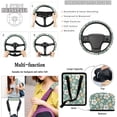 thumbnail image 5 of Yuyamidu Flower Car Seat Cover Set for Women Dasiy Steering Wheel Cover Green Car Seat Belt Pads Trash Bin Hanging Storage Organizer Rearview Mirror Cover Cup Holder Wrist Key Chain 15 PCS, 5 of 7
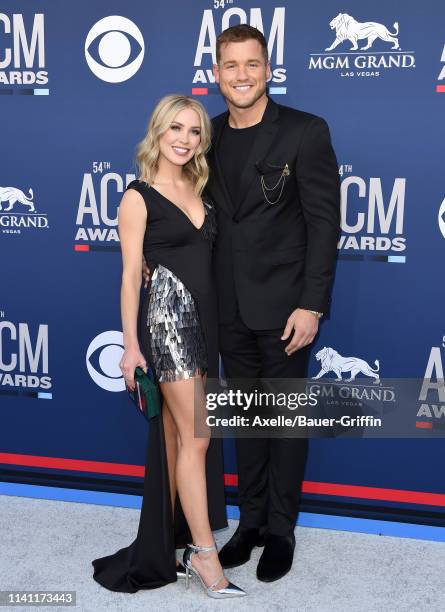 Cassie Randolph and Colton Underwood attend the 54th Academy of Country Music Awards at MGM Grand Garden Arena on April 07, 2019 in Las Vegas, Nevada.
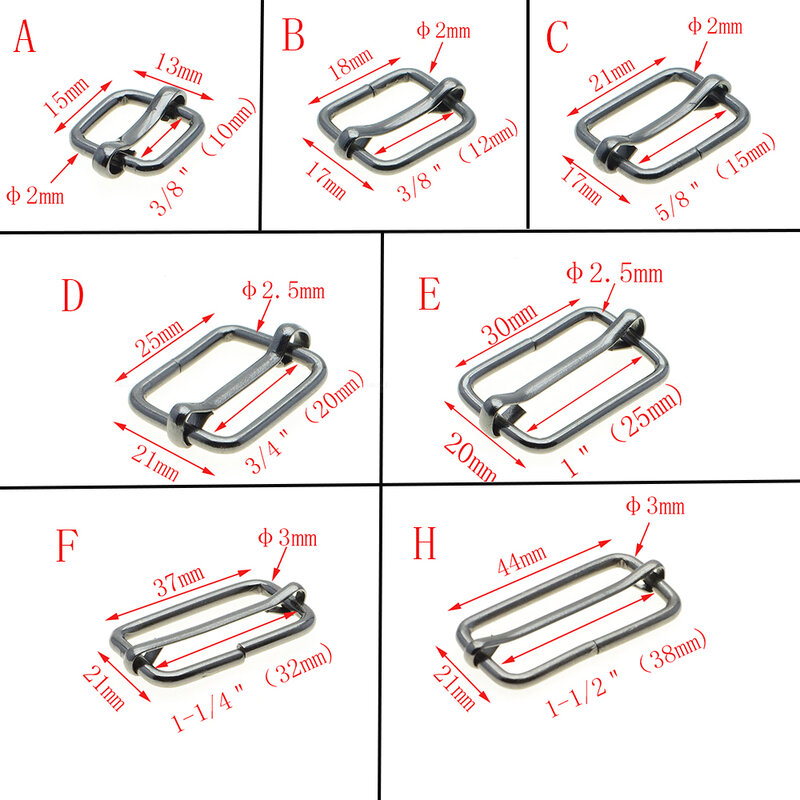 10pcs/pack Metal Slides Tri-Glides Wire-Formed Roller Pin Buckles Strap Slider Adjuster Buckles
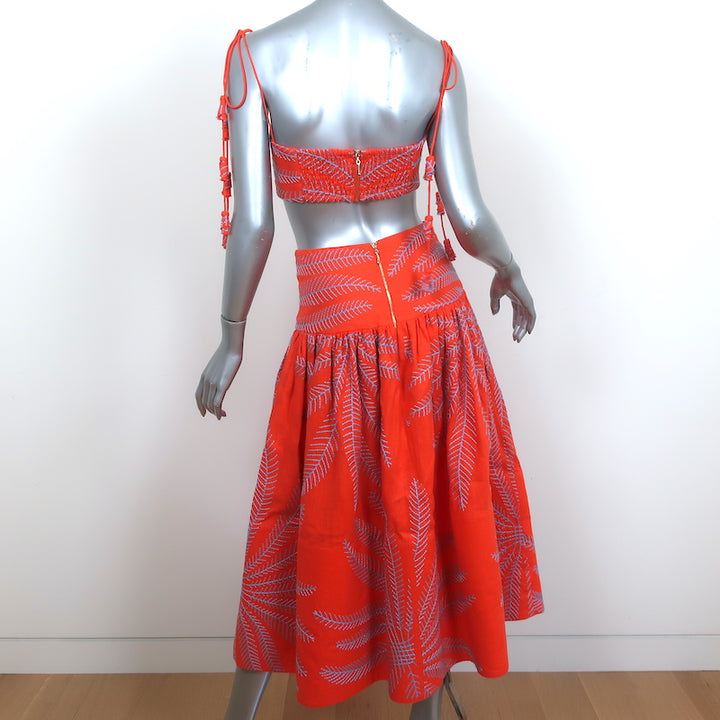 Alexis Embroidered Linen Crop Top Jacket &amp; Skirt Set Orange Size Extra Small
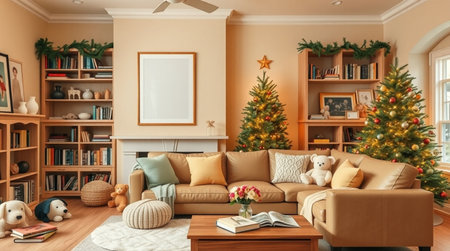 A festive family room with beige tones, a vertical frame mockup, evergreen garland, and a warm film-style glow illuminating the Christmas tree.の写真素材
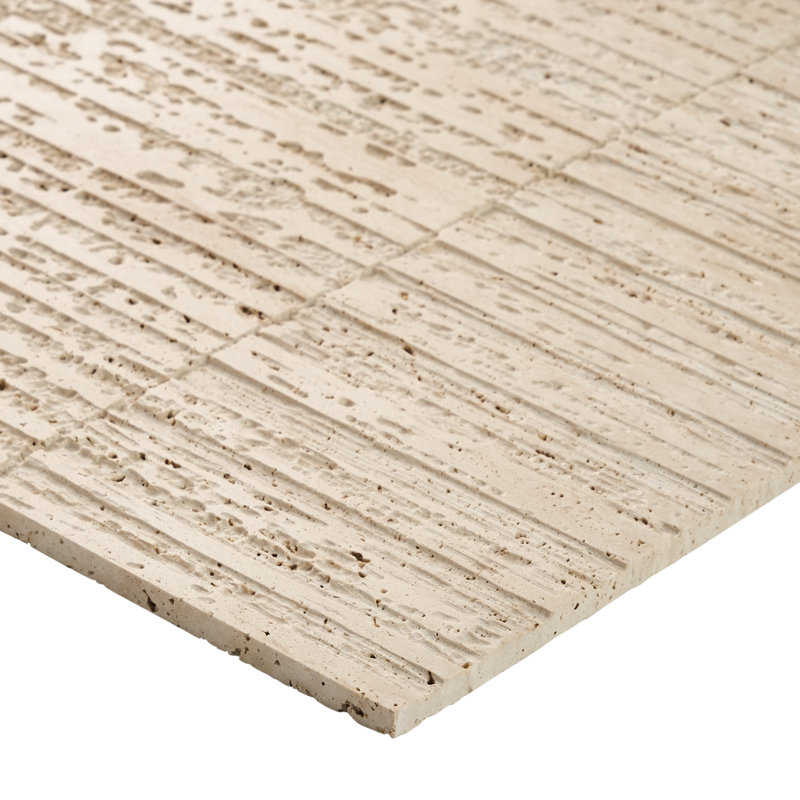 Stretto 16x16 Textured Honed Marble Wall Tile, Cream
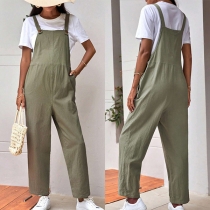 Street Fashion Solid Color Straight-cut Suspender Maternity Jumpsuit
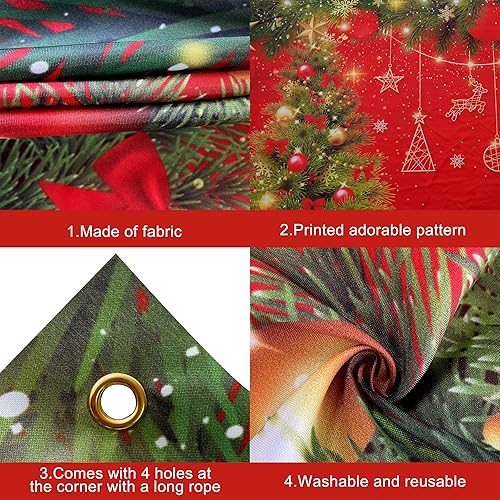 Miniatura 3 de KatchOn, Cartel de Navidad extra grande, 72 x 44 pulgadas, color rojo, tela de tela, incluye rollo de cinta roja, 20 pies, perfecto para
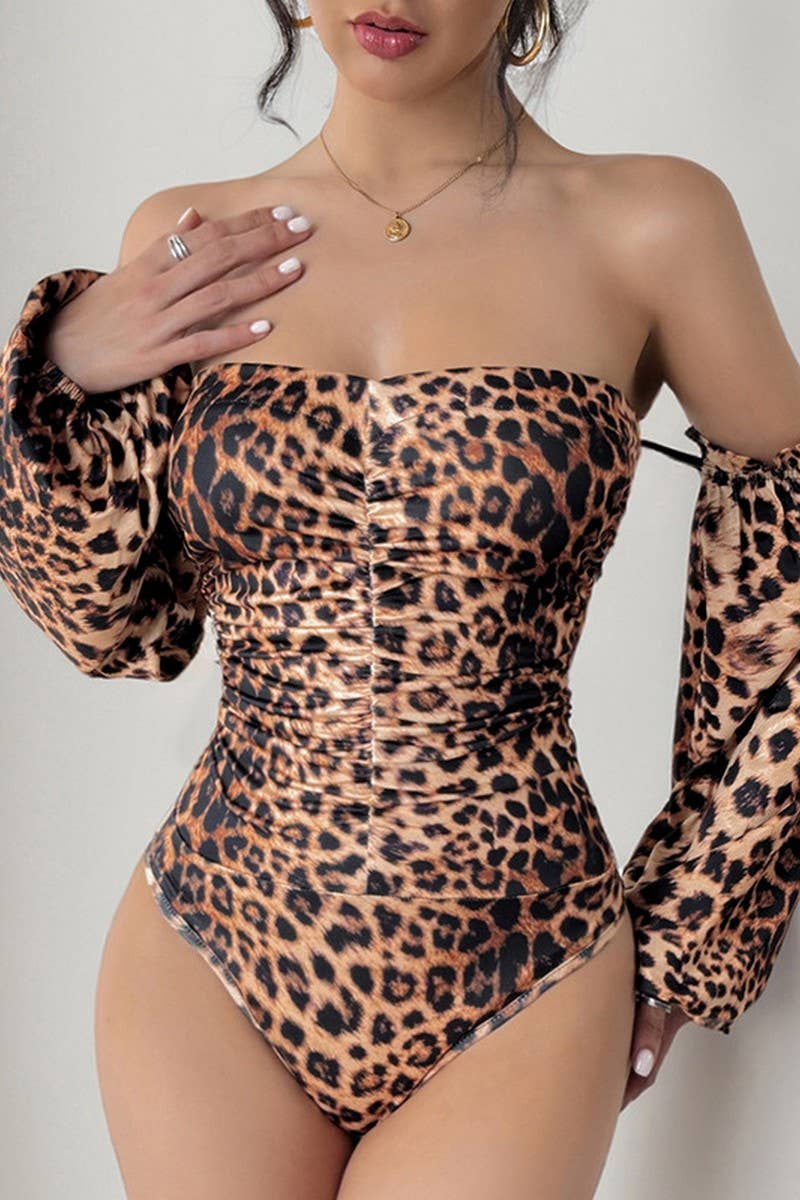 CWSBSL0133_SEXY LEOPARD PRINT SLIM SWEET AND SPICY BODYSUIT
+--
WHAT TO WORK ON: Emit the lines of the material exactly, from its first line to the line containing "10pcs/pack Metal Slides", inclusive; leave every picture out.

SOLUTION:
 thumbnail image 5 of Yuyamidu Flower Car Seat Cover Set for Women Dasiy Steering Wheel Cover Green Car Seat Belt Pads Trash Bin Hanging Storage Organizer Rearview Mirror Cover Cup Holder Wrist Key Chain 15 PCS, 5 of 7
 Cassie Randolph and Colton Underwood attend the 54th Academy of Country Music Awards at MGM Grand Garden Arena on April 07, 2019 in Las Vegas, Nevada.
 10pcs/pack Metal Slides Tri-Glides Wire-Formed Roller Pin Buckles Strap Slider Adjuster Buckles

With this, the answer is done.